On the evening of Thursday, August 3, a 23-year-old man drove his car into a pedestrian walkway in Seongnam, a city in the Seoul metropolitan area. The man then leaped out of his vehicle and went on a furious rampage with two large knives. At least five people were injured by the car crash, and nine more were stabbed. Eleven of the victims required hospitalization.

As with the Sillim attack, the incident took place near a subway station, raising the possibility of a copycat attack. A video posted by local media showed the man strolling through a shopping mall near the subway station wearing sunglasses and a black hoodie, randomly attacking people who came near him. Eyewitnesses described screams echoing through the mall and blood splashed on the walls.

The Associated Press reported on Thursday that the assailant is in custody and has been rambling “incoherently” to the authorities about being “stalked” by some unspecified adversary.

South Korean President Yoon Suk-yeol called for “ultra-strong” police response to the sudden wave of “terrorist attacks on innocent victims” – but only hours after he spoke, yet another attack took place, this time at the Songchon High School.

FILE - South Korea's president-elect Yoon Suk Yeol speaks during a news conference at the National Assembly in Seoul, South Korea on March 10, 2022. After winning a bitterly contested presidential election, South Korean conservative Yoon will enter office facing a quickly growing North Korean nuclear threat - and with few easy choices ahead to deal with it. (Kim Hong-ji/Pool Photo via AP, File)

South Korea’s then-President Elect Yoon Suk Yeol speaks during a news conference at the National Assembly in Seoul, South Korea on March 10, 2022 (Kim Hong-ji/Pool Photo via AP, File).
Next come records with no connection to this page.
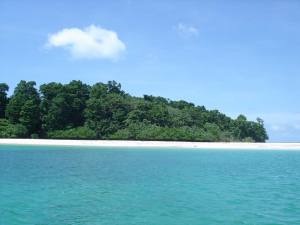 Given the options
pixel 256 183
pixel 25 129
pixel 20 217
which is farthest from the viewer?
pixel 25 129

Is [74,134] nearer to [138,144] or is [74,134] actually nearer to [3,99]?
[138,144]

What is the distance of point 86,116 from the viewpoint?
70.1 metres

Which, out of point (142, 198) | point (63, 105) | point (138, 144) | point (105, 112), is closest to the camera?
point (142, 198)

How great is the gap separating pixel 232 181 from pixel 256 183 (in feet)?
4.13

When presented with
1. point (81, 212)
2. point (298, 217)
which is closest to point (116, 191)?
point (81, 212)

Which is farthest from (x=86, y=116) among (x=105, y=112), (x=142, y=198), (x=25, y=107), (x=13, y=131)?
(x=142, y=198)

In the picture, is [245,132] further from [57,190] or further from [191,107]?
[57,190]

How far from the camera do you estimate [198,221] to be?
13312 mm

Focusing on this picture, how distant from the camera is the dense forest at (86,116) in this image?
2692 inches

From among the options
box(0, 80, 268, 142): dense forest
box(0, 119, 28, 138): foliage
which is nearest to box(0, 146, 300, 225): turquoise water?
box(0, 119, 28, 138): foliage

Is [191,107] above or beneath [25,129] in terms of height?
above

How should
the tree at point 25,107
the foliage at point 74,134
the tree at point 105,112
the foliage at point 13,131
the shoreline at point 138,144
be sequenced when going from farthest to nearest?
the tree at point 105,112 < the tree at point 25,107 < the foliage at point 74,134 < the foliage at point 13,131 < the shoreline at point 138,144

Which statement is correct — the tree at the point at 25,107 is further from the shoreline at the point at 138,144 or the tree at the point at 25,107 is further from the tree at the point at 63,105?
the shoreline at the point at 138,144

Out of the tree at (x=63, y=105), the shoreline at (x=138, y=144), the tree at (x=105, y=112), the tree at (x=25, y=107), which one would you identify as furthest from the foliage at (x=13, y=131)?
the tree at (x=105, y=112)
Police on Friday described the assailant as a man in his late twenties who waited for a 49-year-old male teacher to emerge from his classroom at the high school, then stabbed him multiple times and fled the scene. The suspect was taken into custody two hours later by a force of 200 officers dispatched to the scene. The victim was undergoing surgery for his wounds on Friday afternoon.

Police officials said the circumstances of the attack implied the victim was acquainted with the assailant. South Korean media reported the attacker gained entry to the school by claiming to be an alumnus. 
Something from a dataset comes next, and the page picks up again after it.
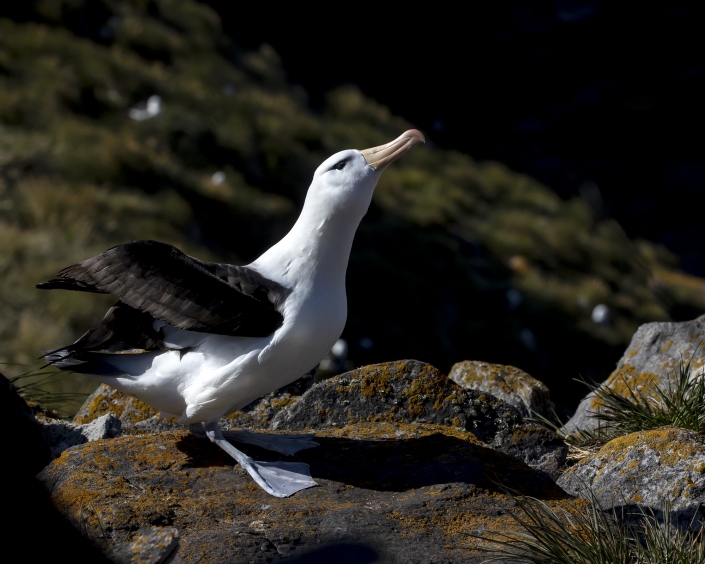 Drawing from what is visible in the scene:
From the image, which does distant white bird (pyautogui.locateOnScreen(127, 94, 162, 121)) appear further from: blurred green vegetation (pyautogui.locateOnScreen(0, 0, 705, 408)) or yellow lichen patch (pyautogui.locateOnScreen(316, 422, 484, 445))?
yellow lichen patch (pyautogui.locateOnScreen(316, 422, 484, 445))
The Korea Herald on Friday reported “anxiety and fear” spreading across the country after the wave of seemingly unrelated assaults:

Cho, an office worker who commutes near Seohyeon Station, recounted experiencing extreme panic on Thursday night while trying to go home after work.

“There is no guarantee that such incidents won’t happen again, and the thought of having to worry every day in my daily life is mentally exhausting,” Cho said.

A woman in her 50s surnamed Kim also expressed her anxiety, saying, “Whenever I hear such news, I worry that it could have happened to our family if we were there. I am even considering canceling a family trip we had planned.”

One woman told the Korea Herald that she and her friends have begun sharing a “murder warning list,” derived from the locations mentioned in online threats of violence like the one posted after the Sillim subway attack.

Parents said they were afraid to let their children play outside, people are losing trust in their neighbors, and some are beginning to worry that emergency alerts like fire alarms might be a ruse to lure them outside for mass-casualty attacks.

Seoul police on Friday announced a “special policing” operation to “counter heinous crimes” and alleviate public “anxiety.”

“We will selectively stop and search those suspected of owning a weapon or people acting strangely according to the legal procedures,” National Police Agency Commissioner-General Yoon Hee-keun, said, adding, “We will utilize the maximum police force in public places, including local police, riot police teams and police detectives, to strengthen patrols and suppress the atmosphere for criminal activity.” 

Yoon added that people who post threats online or spread alarming disinformation will be punished “as severely as the law allows.”